Monday, July 11, 2011

How much did a person make in 1880?

I was trying to scrounge up enough money to buy my mother a music box for her birthday. It cost $11.95. Maybe you think that's pretty cheap for a fancy music box, but not if you don't make much money. Here are some jobs in 1880 and how much the person got paid (by the month):

~ train engineer: $100
~ carpenter: $37
~ teacher: $40
~ house servant: $8
~ ranch foreman: $115
~ sales girl: $12
~ ranch hand: $30 (+ housing & food)
~ factory worker: $35
~ child factory worker: $8
~ laundress (washer woman): $12
~ soldier: $13
~ streetcar driver: $43

So, basically, you would have to wash clothes (be a laundress) for a whole MONTH before you could afford to buy one little music box.

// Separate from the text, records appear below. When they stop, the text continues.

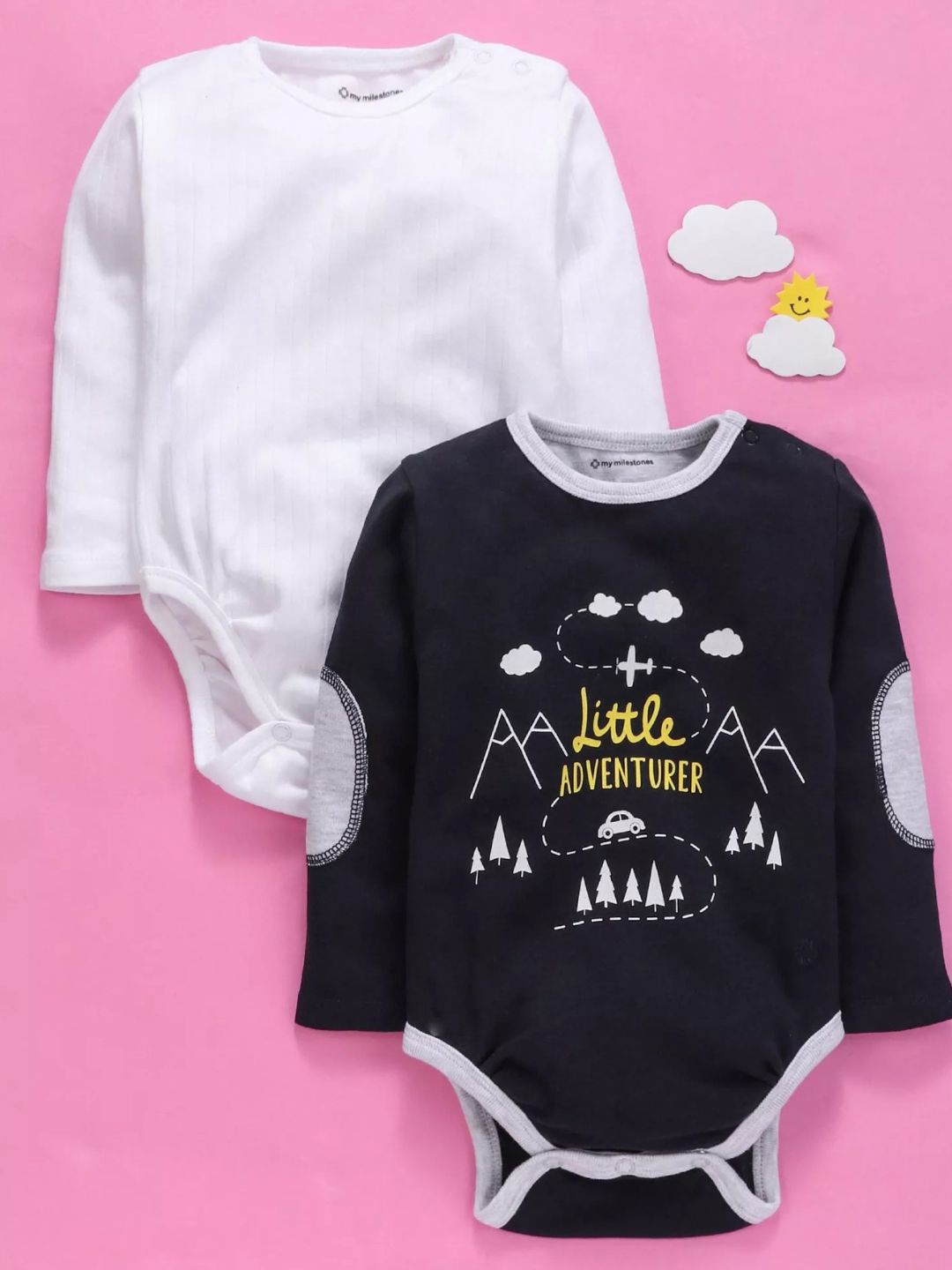 

My Milestones Boys Set of 2 Bodysuits, Navy blue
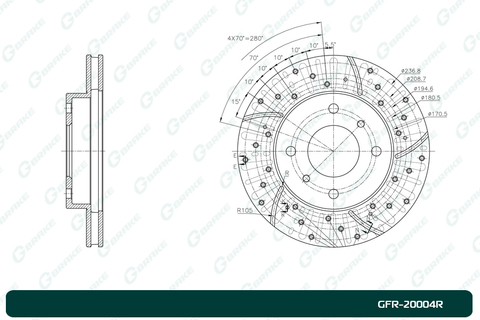 Диск тормозной перфорированный вентилируемый G-brake GFR-20004R правый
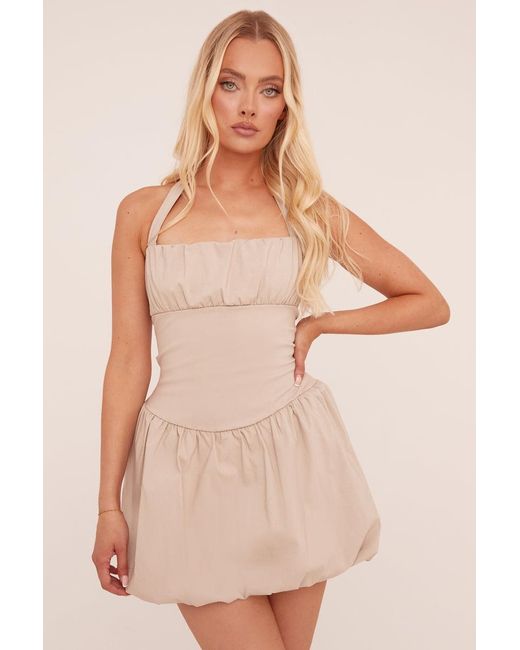 Rebellious Fashion Natural Ruched Halter Neck Puffball Mini Dress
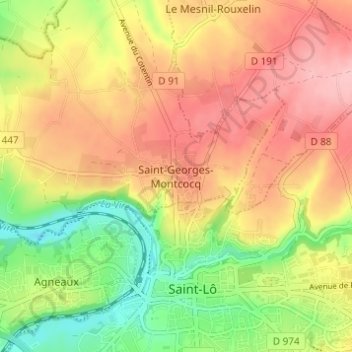 Mapa topográfico Saint-Georges-Montcocq, altitude, relevo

In 2011, that would be like the music box costing $800 (if you made $2,000 a month)

Are you ready to try a little math? 
How did the average wage-earner feed, clothe, and house his family? The rent for a small dwelling was about $4.50 a month. In addition, it cost about $5 a month to clothe and feed each member of the family. Below are a few families and their wages. Use the list above to figure out the family’s wages and how much they spend on the cost of living. Will each family make it through the month, or will they need to borrow money from relatives or friends?


A) John is a carpenter; Sally stays home to care for their 4 children.


B) José  is a ranch hand; Nila works as a house servant. They have 2 kids.


C) Tom is a train engineer; Mary washes rich folks’ clothes (laundress). They have 5 children. 


D) Paul and Judy are both factory workers; they have six children. Three kids work in the factory, while one stays home to care for the younger children.  


E) Sam is a soldier; Jane does the laundry for the fort. They have 3 children.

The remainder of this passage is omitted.